Can eating low (<20g) of carbohydrates a day be related to causing symptoms that are that of Peripheral Neuropathy?

  • Pain areas: in the back, face, foot, hands, or thigh
  • Pain types: can be burning and tingling or sharp
  • Pain circumstances: can occur at night
  • Sensory: pins and needles, uncomfortable tingling and burning, over sensitivity, or sensitivity to pain
  • Also common: numbness, slow reflexes, tingling feet, or tingling fingers

This is for someone not having diabetes, and may be possibly missing some important vitamins and minerals from the reduced intake of certain foods (mostly consuming meat).

If so, what can be done to help relieve these symptoms, as generic pain killers don't seem to be doing the trick?

1 Answer 1


The main causes of nutrition-related peripheral neuropathy are deficiencies of vitamins B1 (thiamin), B3 (niacin), B6 (pyridoxine), B9 (folate) and B12 (cobalamin) (Emedicine). In carnivores, vitamin B1 and B9 deficiencies would be the most likely causes, since these two vitamins are found mainly in plant foods.

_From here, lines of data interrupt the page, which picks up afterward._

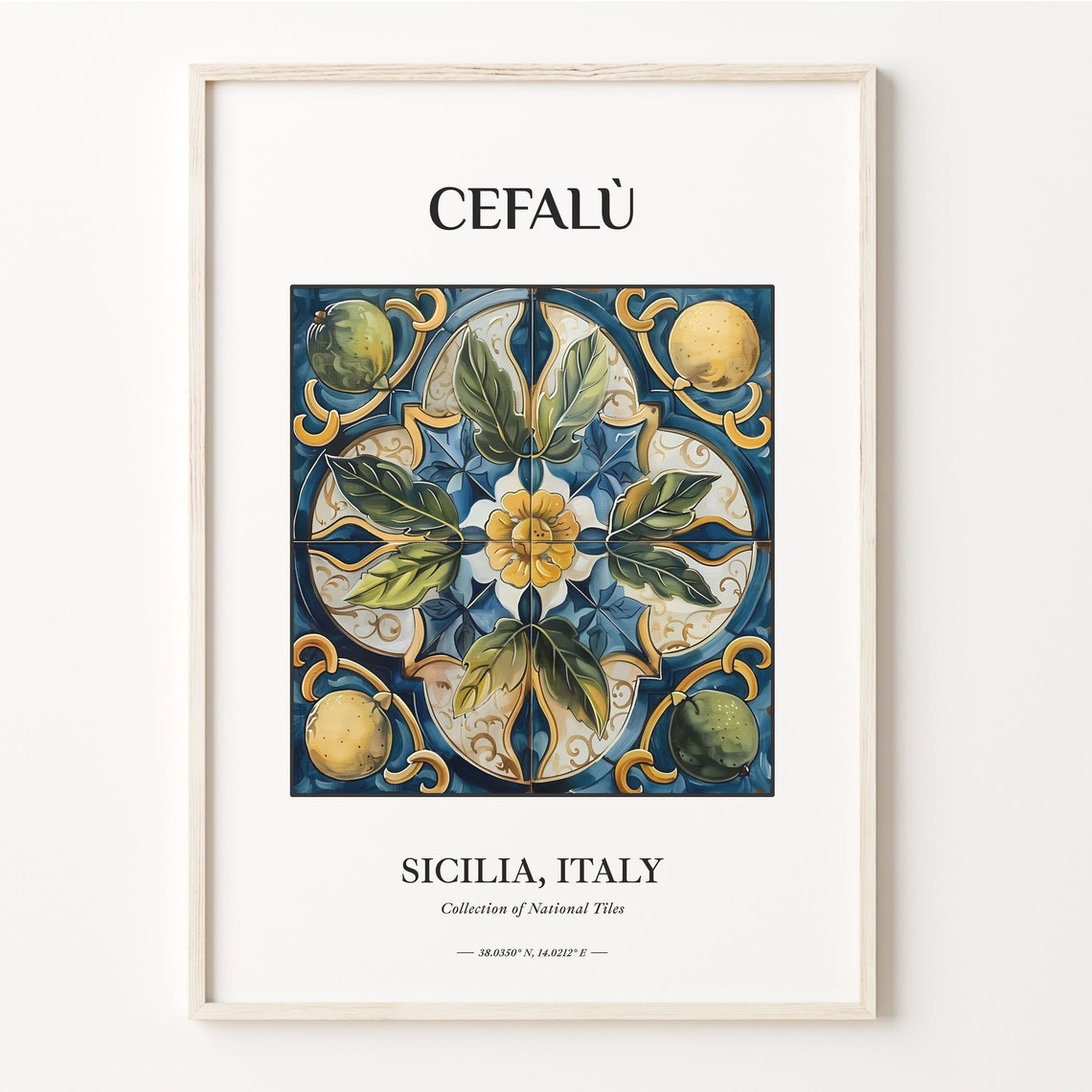 Cefalu Sicily Italy Lemon Leaf Majolica Tile Pattern Art Decor Poster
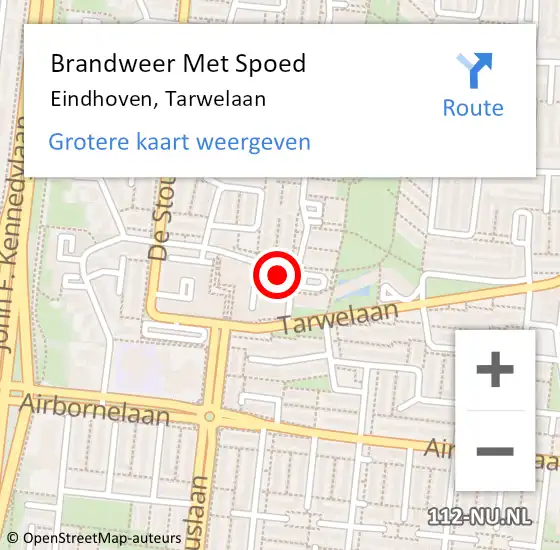 Locatie op kaart van de 112 melding: Brandweer Met Spoed Naar Eindhoven, Tarwelaan op 23 juni 2023 14:32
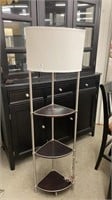 Modern floor lamp with 3 wooden shelves & silver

None of the carbohydrates are essential nutrients, so a low-carbohydrate diet by itself should not cause peripheral neuropathy. Google search for "low-carb diet" "peripheral neuropathy" yields close to zero relevant results, so vitamin deficiencies related to such diet also do not seem to be common.

Potassium deficiency--which should not be caused by a low carb diet--can also cause tingling (and weakness and cramps), but not burning pain.

Some people mention tingling associated with ketosis (shortly after going low-carb) but not pain.

The main risk factors for nutritional neuropathy in carnivore individuals are alcoholism, very poor diet, intestinal malabsorption disorders and taking drugs, such as isoniazid, hydralazine, etc. (Emedicine).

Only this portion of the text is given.